Transcribe the data below verbatim from the line with "Serene backyard featuring" to the line with "Femme portant un". Include both of those lines.

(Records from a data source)
━━━
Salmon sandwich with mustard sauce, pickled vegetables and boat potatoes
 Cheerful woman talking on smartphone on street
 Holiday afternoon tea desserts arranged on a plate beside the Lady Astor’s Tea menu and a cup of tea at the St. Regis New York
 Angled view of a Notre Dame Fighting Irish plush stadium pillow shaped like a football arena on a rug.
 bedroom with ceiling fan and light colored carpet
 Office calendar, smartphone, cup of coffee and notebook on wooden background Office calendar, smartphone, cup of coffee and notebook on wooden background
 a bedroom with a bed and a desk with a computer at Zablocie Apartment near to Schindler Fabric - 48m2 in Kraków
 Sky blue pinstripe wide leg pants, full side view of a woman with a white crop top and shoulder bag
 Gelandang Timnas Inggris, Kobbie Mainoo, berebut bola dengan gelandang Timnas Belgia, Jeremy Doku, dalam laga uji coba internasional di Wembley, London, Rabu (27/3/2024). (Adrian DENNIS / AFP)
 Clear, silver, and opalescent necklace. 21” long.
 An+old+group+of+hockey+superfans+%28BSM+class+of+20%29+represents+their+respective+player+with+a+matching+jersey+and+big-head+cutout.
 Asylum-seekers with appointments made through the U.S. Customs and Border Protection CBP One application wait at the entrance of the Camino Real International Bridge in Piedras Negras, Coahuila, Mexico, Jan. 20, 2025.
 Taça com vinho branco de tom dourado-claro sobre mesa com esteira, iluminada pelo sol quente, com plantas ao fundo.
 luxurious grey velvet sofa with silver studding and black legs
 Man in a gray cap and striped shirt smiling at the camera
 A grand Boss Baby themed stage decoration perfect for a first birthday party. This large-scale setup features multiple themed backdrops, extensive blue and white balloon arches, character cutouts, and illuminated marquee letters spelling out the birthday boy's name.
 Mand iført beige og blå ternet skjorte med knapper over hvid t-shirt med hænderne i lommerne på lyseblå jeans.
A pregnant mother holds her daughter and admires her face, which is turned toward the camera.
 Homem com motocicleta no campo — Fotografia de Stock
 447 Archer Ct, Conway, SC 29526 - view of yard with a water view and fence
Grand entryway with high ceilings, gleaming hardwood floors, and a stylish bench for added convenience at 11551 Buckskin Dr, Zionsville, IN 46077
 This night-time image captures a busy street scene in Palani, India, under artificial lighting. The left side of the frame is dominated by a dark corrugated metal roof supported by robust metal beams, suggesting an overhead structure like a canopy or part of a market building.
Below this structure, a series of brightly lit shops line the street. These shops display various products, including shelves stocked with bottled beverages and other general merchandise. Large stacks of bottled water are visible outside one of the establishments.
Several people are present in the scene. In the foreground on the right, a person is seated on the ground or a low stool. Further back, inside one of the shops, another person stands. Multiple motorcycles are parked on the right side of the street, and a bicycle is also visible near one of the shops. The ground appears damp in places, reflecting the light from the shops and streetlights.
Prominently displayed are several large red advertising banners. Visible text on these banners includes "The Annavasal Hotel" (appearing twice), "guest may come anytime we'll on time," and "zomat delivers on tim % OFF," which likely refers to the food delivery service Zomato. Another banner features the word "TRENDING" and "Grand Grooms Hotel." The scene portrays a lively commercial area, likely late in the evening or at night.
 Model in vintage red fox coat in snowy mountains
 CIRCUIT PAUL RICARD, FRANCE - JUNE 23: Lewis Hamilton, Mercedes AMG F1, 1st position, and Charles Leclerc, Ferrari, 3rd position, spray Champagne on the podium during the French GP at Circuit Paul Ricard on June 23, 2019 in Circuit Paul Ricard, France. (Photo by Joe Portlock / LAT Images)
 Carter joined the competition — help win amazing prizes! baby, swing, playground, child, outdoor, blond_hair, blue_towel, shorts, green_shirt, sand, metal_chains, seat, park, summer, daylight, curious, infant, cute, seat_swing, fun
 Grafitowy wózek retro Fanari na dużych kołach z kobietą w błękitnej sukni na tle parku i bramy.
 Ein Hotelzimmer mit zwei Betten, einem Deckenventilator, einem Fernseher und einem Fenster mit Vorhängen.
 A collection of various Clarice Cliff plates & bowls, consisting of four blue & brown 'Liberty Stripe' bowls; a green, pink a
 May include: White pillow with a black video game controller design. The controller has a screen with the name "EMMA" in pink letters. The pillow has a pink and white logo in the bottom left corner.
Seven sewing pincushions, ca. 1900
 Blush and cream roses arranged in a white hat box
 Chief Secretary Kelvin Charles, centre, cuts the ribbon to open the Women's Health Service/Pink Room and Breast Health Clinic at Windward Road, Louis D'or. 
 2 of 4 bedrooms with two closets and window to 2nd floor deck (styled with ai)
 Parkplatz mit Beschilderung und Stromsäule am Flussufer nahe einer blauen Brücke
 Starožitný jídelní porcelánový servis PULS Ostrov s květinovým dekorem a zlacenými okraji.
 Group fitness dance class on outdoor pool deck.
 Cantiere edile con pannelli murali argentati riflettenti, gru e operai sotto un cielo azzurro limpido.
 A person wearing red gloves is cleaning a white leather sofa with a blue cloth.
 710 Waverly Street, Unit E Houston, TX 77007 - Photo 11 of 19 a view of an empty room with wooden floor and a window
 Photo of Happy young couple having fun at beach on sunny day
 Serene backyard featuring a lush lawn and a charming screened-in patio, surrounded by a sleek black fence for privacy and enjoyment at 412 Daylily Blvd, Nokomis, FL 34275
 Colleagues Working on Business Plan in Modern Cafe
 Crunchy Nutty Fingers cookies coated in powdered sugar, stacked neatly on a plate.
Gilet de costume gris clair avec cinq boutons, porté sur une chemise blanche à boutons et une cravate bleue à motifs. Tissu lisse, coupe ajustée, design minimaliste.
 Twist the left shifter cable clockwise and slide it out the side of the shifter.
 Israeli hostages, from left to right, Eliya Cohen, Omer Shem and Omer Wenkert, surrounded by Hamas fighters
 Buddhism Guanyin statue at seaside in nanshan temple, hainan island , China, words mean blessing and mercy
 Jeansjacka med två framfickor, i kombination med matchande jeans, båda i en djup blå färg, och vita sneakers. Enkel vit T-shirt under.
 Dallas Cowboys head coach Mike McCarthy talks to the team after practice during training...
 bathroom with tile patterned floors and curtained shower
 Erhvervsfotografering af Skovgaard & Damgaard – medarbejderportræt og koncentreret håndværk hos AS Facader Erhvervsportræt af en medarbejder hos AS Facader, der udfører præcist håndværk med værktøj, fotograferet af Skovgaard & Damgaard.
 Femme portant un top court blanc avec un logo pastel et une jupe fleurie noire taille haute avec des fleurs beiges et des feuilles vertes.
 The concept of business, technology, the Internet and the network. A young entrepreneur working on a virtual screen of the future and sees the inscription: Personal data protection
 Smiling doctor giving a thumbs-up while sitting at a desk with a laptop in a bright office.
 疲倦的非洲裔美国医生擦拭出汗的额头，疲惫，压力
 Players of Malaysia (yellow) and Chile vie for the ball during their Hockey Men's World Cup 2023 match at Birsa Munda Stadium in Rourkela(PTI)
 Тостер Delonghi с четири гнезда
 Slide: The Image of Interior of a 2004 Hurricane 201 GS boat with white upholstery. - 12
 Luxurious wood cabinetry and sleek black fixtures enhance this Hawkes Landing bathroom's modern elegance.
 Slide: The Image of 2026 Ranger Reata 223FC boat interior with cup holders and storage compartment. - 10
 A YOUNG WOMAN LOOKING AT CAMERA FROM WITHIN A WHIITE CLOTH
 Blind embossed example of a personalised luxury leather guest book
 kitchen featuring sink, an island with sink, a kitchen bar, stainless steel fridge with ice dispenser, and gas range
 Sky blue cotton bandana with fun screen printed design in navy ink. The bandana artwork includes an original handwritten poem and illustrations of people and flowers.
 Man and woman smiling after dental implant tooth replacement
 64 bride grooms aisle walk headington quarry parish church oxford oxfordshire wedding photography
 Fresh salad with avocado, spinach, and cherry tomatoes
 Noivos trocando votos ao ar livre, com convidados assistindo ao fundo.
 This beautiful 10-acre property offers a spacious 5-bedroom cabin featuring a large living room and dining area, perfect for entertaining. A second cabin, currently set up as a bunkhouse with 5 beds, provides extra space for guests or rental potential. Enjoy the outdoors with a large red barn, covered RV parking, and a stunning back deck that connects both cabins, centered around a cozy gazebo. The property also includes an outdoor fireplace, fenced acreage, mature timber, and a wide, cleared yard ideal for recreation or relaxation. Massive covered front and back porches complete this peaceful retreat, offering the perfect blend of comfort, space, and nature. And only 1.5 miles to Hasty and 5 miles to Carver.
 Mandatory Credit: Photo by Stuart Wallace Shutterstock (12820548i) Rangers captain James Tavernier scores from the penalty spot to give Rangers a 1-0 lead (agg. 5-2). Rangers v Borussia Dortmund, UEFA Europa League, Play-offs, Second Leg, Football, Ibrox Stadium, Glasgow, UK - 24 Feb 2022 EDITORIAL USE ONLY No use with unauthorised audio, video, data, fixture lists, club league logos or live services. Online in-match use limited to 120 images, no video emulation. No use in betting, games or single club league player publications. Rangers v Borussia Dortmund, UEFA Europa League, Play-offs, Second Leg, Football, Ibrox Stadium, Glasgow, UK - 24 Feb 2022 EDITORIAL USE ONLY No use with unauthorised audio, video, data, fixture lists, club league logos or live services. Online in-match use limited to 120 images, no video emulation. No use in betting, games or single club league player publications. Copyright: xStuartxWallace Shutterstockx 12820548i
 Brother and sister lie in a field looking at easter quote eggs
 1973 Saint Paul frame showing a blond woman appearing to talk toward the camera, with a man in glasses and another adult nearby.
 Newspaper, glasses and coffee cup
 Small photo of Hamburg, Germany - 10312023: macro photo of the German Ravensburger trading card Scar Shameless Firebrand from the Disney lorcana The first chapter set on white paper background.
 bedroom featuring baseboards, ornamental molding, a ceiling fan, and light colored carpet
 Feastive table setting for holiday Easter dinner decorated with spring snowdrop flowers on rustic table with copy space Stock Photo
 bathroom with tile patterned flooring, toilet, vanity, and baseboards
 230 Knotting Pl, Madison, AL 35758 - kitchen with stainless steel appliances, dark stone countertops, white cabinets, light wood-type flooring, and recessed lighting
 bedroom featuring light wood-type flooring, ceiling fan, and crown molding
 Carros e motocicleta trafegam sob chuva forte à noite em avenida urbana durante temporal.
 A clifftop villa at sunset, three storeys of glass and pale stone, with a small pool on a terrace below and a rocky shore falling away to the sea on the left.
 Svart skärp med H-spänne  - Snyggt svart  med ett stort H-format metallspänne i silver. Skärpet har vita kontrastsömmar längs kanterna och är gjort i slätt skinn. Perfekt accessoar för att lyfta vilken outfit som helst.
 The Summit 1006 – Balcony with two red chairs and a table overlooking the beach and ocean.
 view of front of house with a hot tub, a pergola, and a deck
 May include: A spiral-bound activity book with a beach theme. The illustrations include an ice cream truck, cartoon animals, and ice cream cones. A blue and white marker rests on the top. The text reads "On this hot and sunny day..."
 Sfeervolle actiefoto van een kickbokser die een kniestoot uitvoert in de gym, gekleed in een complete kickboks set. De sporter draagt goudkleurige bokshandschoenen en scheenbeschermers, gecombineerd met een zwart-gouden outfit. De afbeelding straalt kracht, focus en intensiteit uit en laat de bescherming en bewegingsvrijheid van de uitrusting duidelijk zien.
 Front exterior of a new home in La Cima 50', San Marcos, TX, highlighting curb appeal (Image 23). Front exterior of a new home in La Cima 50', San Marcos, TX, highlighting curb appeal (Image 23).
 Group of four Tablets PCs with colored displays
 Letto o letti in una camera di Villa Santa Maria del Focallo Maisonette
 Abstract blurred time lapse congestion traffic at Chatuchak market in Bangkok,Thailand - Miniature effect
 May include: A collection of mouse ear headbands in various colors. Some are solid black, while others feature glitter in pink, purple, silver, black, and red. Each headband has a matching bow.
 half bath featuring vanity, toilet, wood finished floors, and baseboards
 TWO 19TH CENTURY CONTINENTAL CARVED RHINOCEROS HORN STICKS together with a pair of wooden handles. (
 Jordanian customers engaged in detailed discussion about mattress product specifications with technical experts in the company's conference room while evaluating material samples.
━━━
TASK OUTPUT -
 Serene backyard featuring a lush lawn and a charming screened-in patio, surrounded by a sleek black fence for privacy and enjoyment at 412 Daylily Blvd, Nokomis, FL 34275
 Colleagues Working on Business Plan in Modern Cafe
 Crunchy Nutty Fingers cookies coated in powdered sugar, stacked neatly on a plate.
Gilet de costume gris clair avec cinq boutons, porté sur une chemise blanche à boutons et une cravate bleue à motifs. Tissu lisse, coupe ajustée, design minimaliste.
 Twist the left shifter cable clockwise and slide it out the side of the shifter.
 Israeli hostages, from left to right, Eliya Cohen, Omer Shem and Omer Wenkert, surrounded by Hamas fighters
 Buddhism Guanyin statue at seaside in nanshan temple, hainan island , China, words mean blessing and mercy
 Jeansjacka med två framfickor, i kombination med matchande jeans, båda i en djup blå färg, och vita sneakers. Enkel vit T-shirt under.
 Dallas Cowboys head coach Mike McCarthy talks to the team after practice during training...
 bathroom with tile patterned floors and curtained shower
 Erhvervsfotografering af Skovgaard & Damgaard – medarbejderportræt og koncentreret håndværk hos AS Facader Erhvervsportræt af en medarbejder hos AS Facader, der udfører præcist håndværk med værktøj, fotograferet af Skovgaard & Damgaard.
 Femme portant un top court blanc avec un logo pastel et une jupe fleurie noire taille haute avec des fleurs beiges et des feuilles vertes.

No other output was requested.